Counting is one of the most powerful human capabilities. In ancient times, common objects such as pebbles were used as abstract symbols to represent possessions to be tallied and traded. Simple arithmetic soon followed, greatly augmenting the ability of merchants and planners to manipulate large inventories and operations. Manipulating pebbles on lined or grooved ‘counting tables’ was improved upon by a more robust and easy to use device – the abacus. The name ‘abacus’ comes from Latin which in turn used the Greek word for ‘table’ or ‘tablet’. The abacus also had the advantage of being portable and usable cradled in one arm, a harbinger of the pocket calculator.

Variants included Roman, Chinese, Japanese, Russian, etc. Most commonly, they worked in base 10 with upper beads representing fives and lower beads representing ones. Vertical rods represented powers of 10, increasing right to left. Manual operation proceeded from left to right, with knowing the complement of a number being the only tricky part (eg. the complement of 7 is 10-7=3). The basic four operations + – x ÷ were fairly easy to learn, mechanical procedures. One did not have to be formally educated to learn to use an abacus, as opposed to pencil and paper systems. This was computation for the masses.

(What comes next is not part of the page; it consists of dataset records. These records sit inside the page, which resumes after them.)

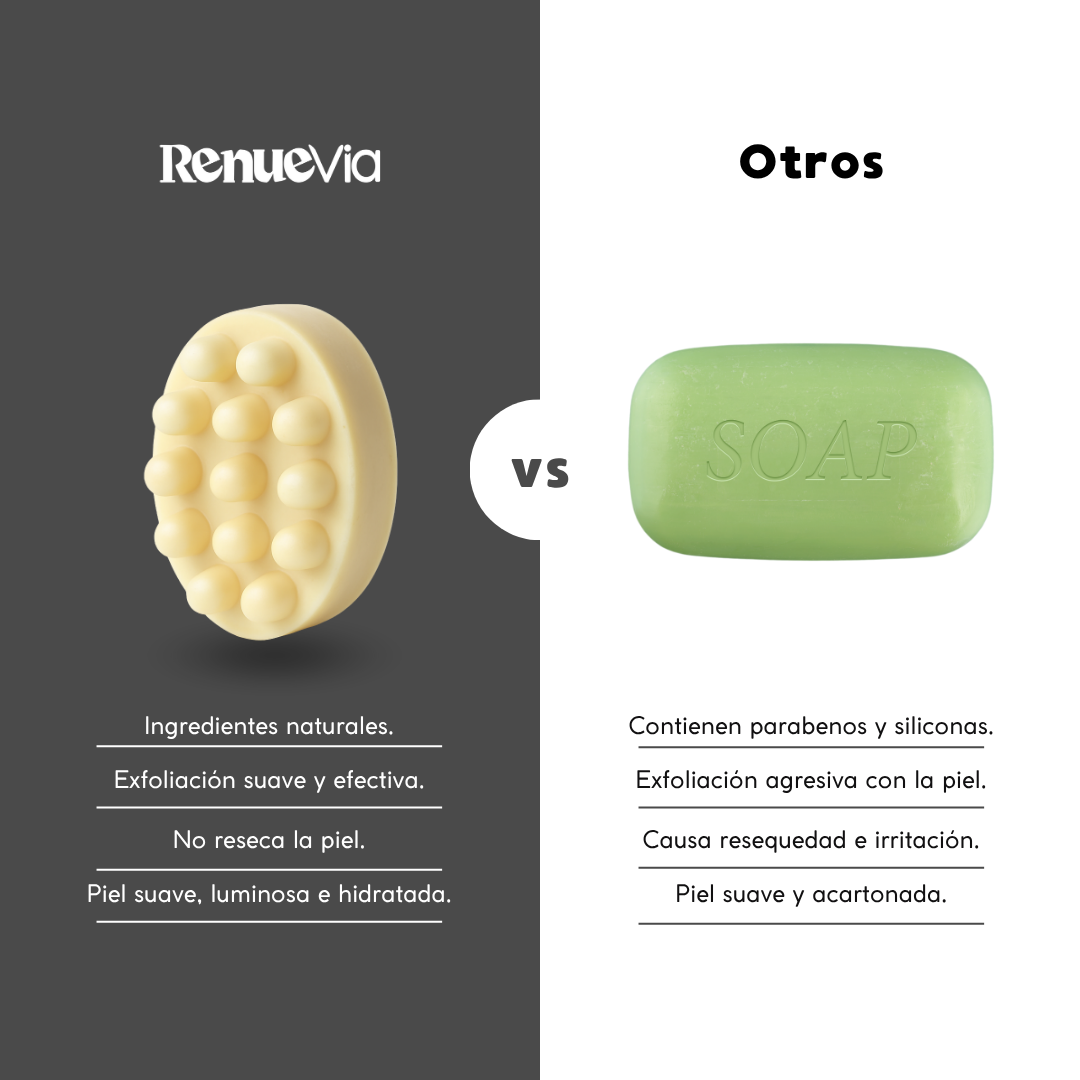 Glowé bar. Jabón exfoliante facial/corporal en barra con Arroz y Concha Nácar.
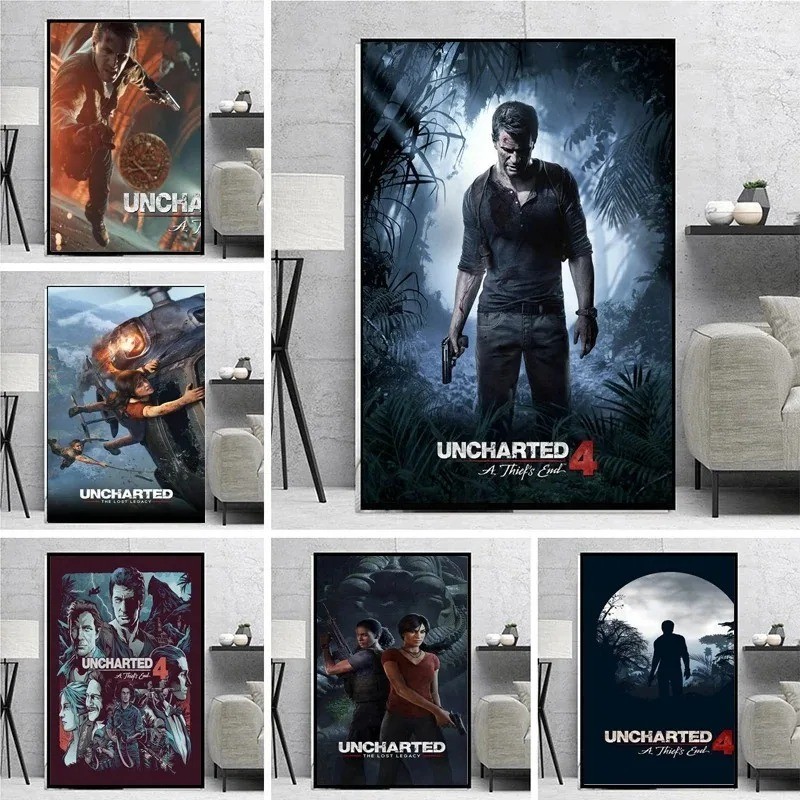 

Uncharted 4 A Thiefs End New Game Canvas Painting Posters and Prints Wall Art Pictures for Living Room Home Decor Cuadros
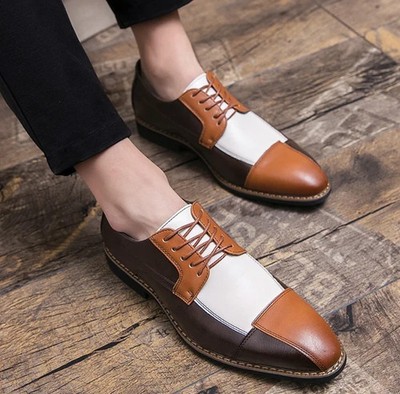 Premium Quality Bespoke Three Tone Leather Derby Lace up Dress Party Shoes
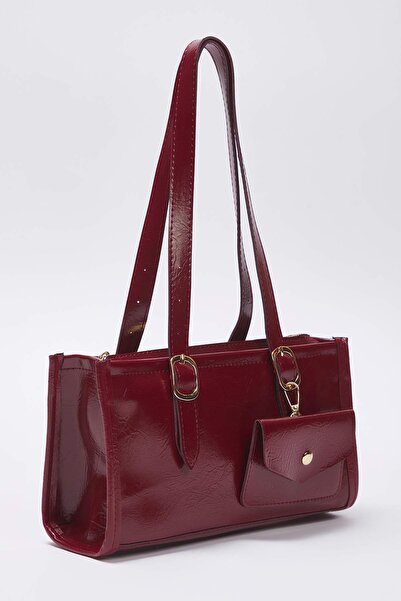 TRENDYOL SHOES Claret Red Wallet Women's Medium Shoulder Bag Takss25Oc00071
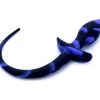 Plug Anal Avec Queue Silicone Noir Bleu Ø 3.20 Cm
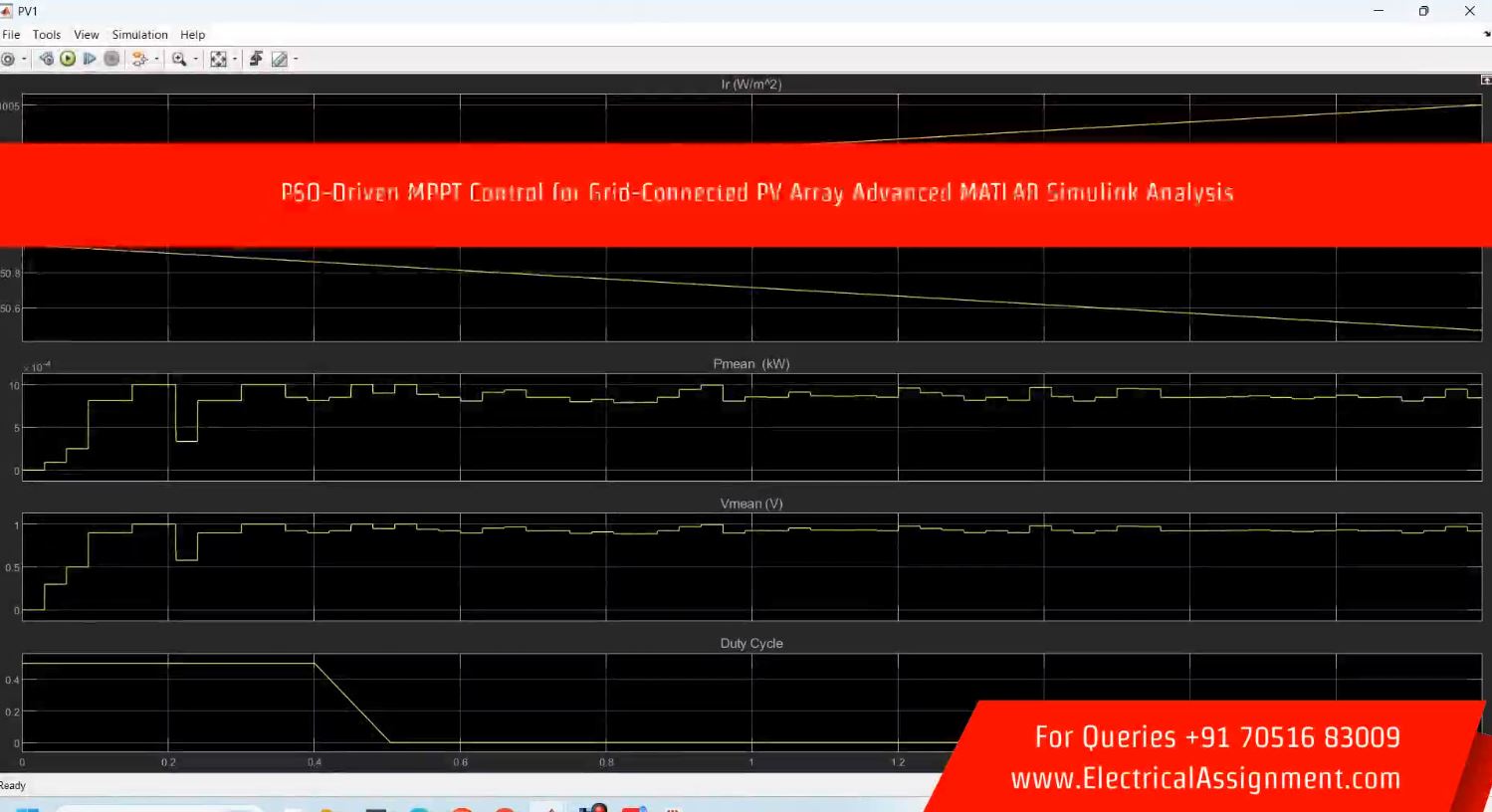 PSO-Driven MPPT Control for Grid-Connected PV Array Advanced MATLAB Simulink Analysis simulation project image
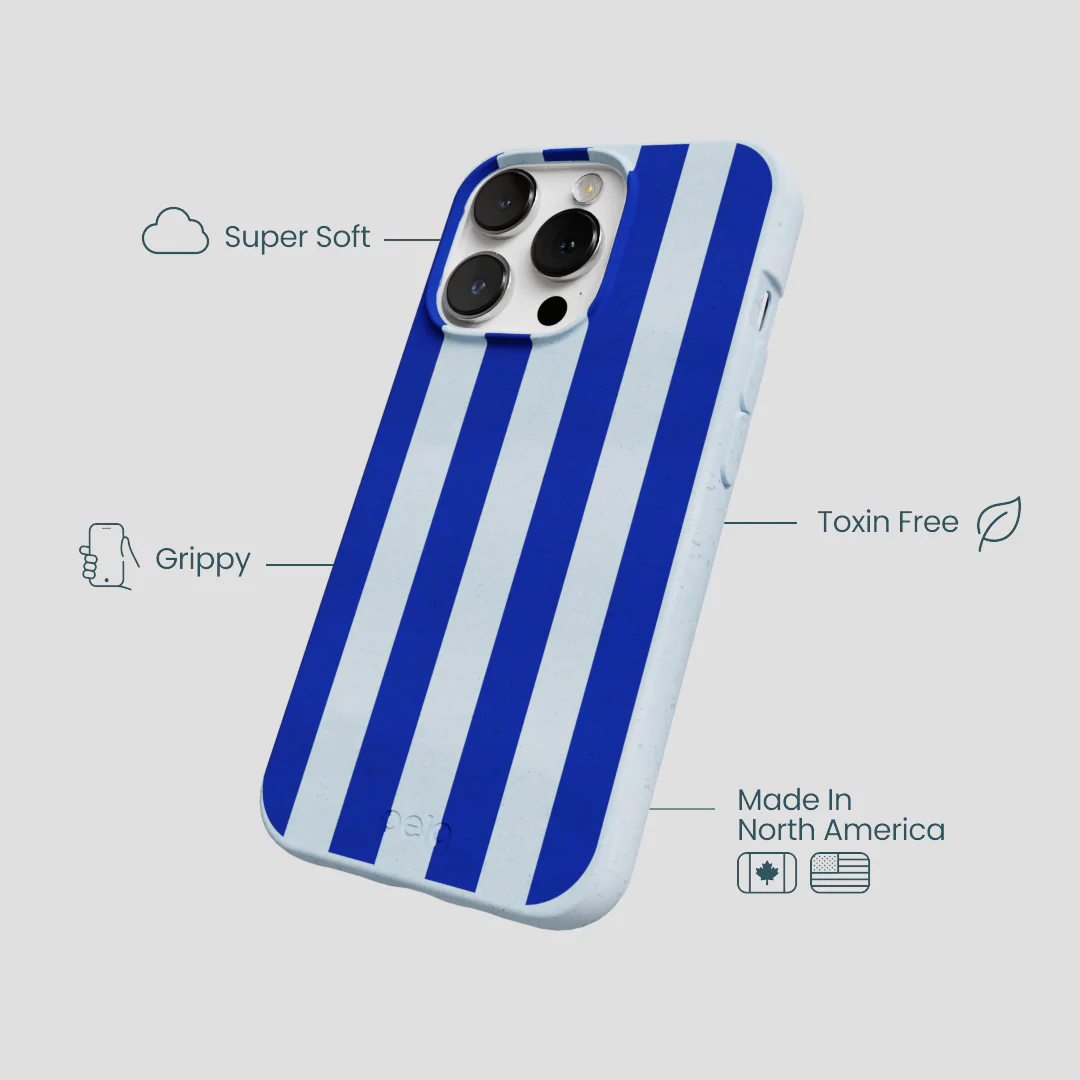 Powder Blue Big Cobalt Stripes iPhone 13 Pro Case - Image 4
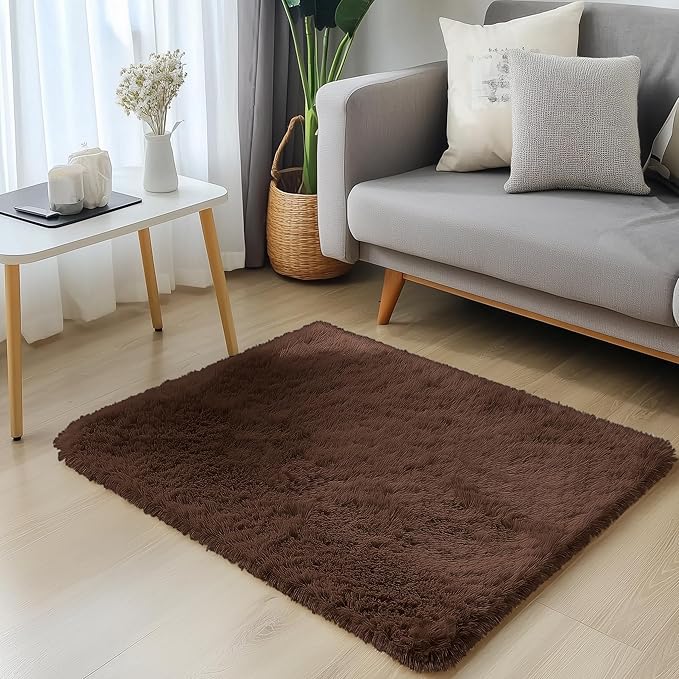 OLANLY 3x3 Machine Washable Small Bedside Rug, Soft Fluffy Shaggy Entryway - Image 3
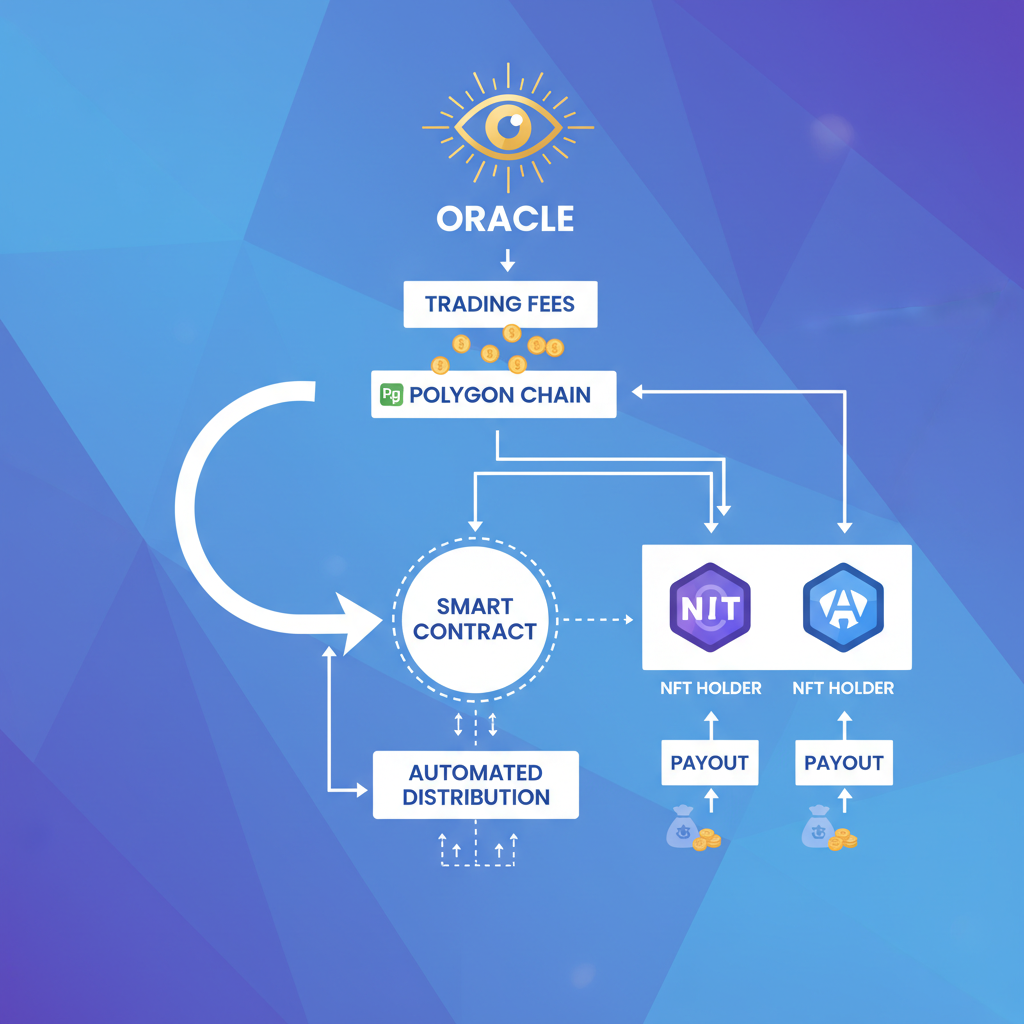 oracle feeding trading fees to NFT holders, payout flowchart on Polygon chain, Artemis style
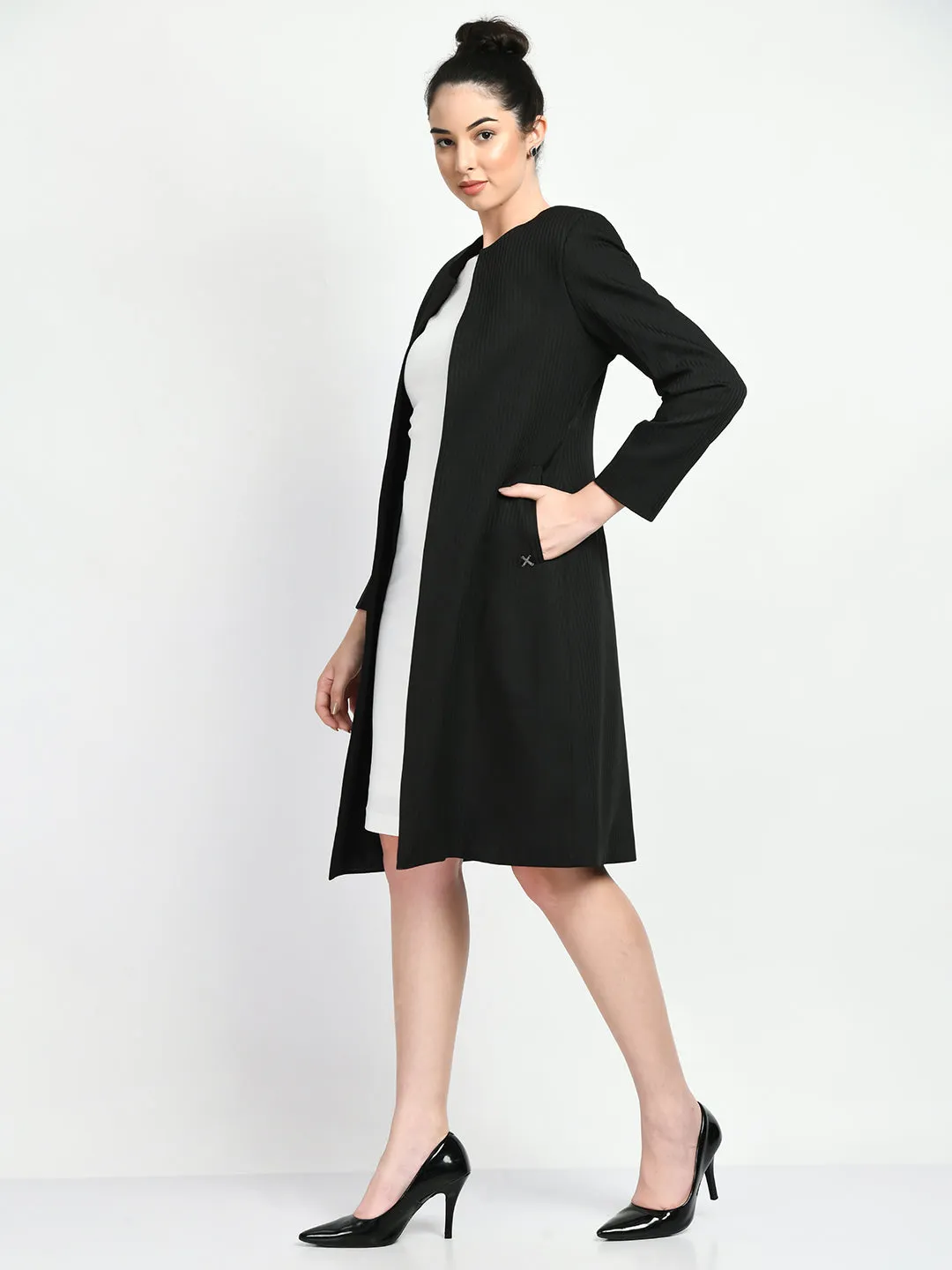 Exude Confidence Striped Long Blazer (Black)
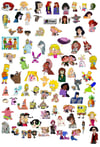 Old cartoon stickers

The abacus was one of the most successful inventions in history. In fact, it’s still in use today, mostly in small Asian shops. It is a universal and aesthetic symbol of our ancient love of counting.

Concatenative Biology

There are several ways to categorize programming languages. One is to distinguish between applicative and concatenative evaluation. Most languages are applicative – functions are applied to data. In contrast, a concatenative language moves a single store of data or knowledge along a ‘pipeline’ with a sequence of functions each operating on the store in turn. The output of one function is the input of the next function, in a ‘threaded’ fashion. This sequence of functions is the program. Forth is an example of a concatenative language, with the stack serving as the data store that is passed along the thread of functions (‘words’). “Forth is a simple, natural computer language” – Charles Moore, inventor of Forth.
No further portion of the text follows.